The researchers obtained data from 35,844 adults who attended at least one class of the NDPP, but based their analyses on 14,747 participants (80.3% female) who had data covering at least 12 months after they enrolled onto the program.

In total, 35.5% of the 13,893 participants with at least two weight measurements achieved the weight loss goal of at least 5%, report Elizabeth Ely (Centers for Disease Control and Prevention, Atlanta, Georgia, USA) and co-researchers in Diabetes Care.

They stress that although only a third of participants achieved this target, the average weight loss of 4.2% indicates that many participants were close to achieving it.

“Perhaps more importantly, we found that those who remained in the program were successful,” say Ely et al.
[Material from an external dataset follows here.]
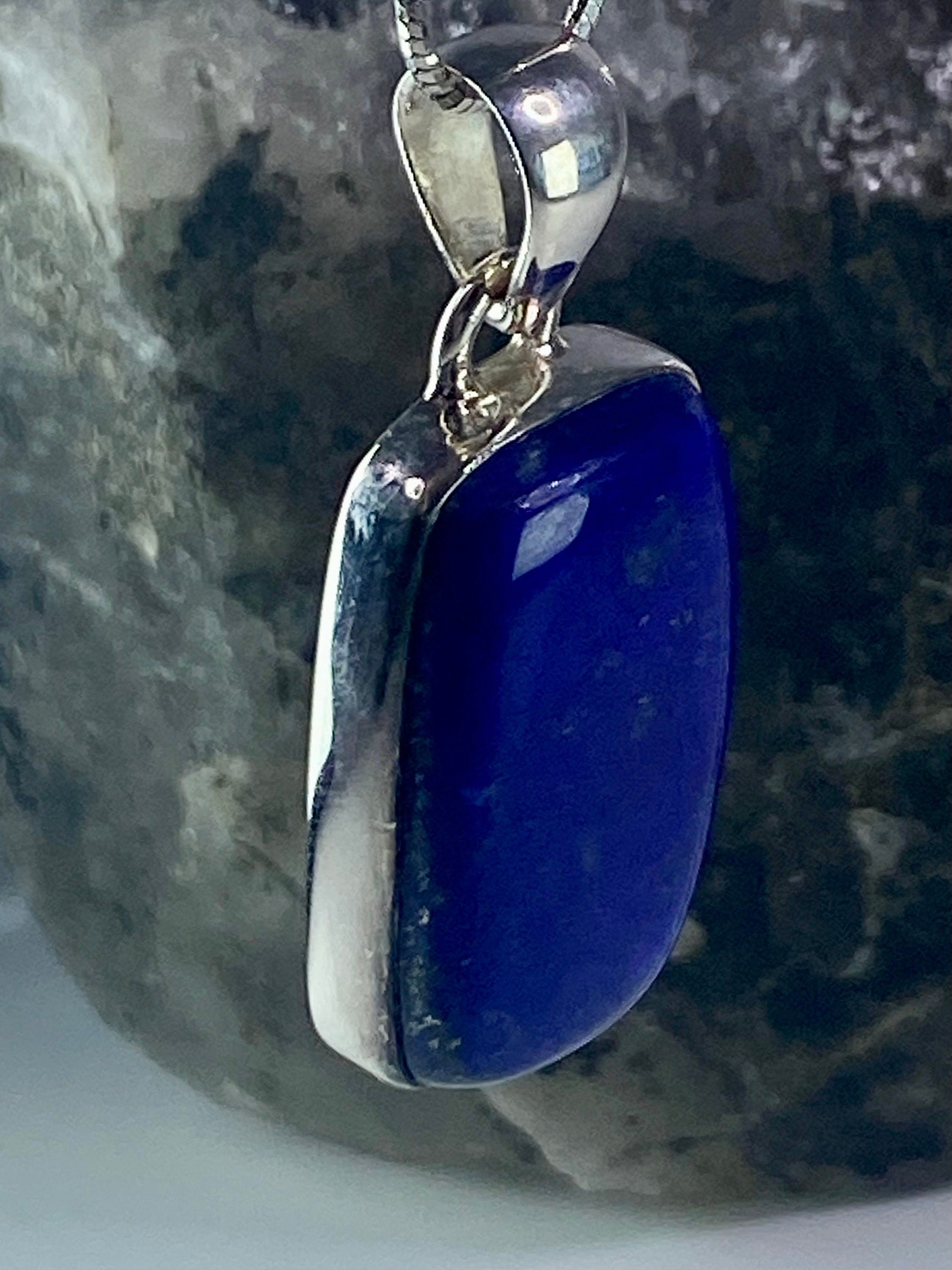 Lapis Lazuli(A+) 925 Silver Pendant (UV2519)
They report that each additional session attended was associated with a further 0.31% weight loss, with the 5% goal generally achieved by participants who attended 17 sessions or more (ie, completed the initial weekly phase plus at least one of the monthly sessions).
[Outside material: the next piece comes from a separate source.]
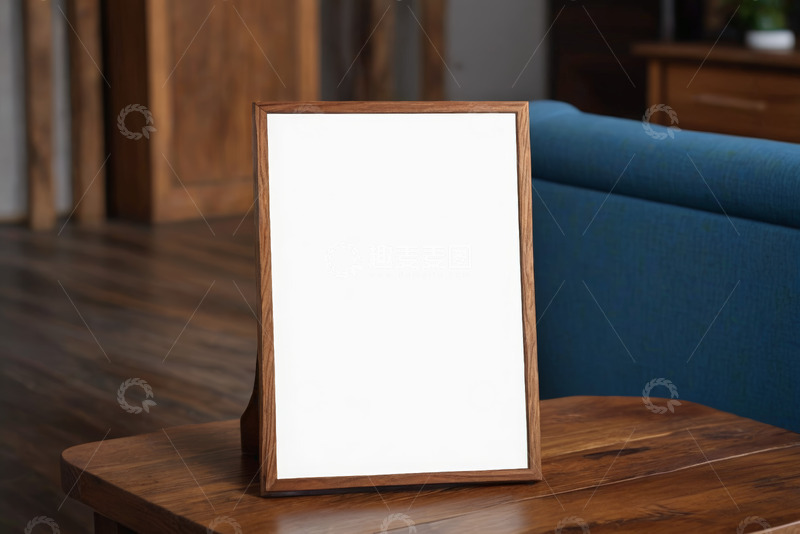 高清大图下载【趣麦麦图】木质相框摆放在家居空间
Participants attended a median of 14 sessions, with about one in 10 attending the full 22 program sessions. In all, 86.6% of participants attended at least four classes – the threshold above which the lifestyle program is thought most likely to show an effect – and these patients lost an average of 3.6% of their weight, compared with 0.4% for those who attended fewer classes.

A similar pattern emerged for physical activity, with participants reporting an increasing amount of physical activity the more sessions they attended, and most of those who attended at least 18 sessions achieving the target 150 minutes per week.
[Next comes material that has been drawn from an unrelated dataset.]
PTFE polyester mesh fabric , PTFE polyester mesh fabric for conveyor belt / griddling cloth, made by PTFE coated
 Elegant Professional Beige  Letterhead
These give us clear targets to help us in achieving weight loss and exercise goals in this at risk population.

Click here for the view of advisory board member Leonard Bertheau.


Participants’ demographics also appeared to influence their weight loss success, with non-Hispanic Whites achieving the highest average (4.6%) and non-Hispanic Blacks the lowest (3.2%). Older age was associated with greater weight loss, at 3.7%, 4.0%, and 4.2% for the 18–44 years, 45–64 years, and 65 years and older age categories, respectively. And obese participants achieved more weight loss (4.5%) than those in the overweight category (4.1%), who in turn lost more than the normal-weight participants (3.3%).

The study authors suggest that interviews with participants who dropped out of the program may offer insight into how to retain people and maximise the program’s effectiveness. They also note that the program is now being delivered remotely for people who are unable or unwilling to attend in-person group sessions.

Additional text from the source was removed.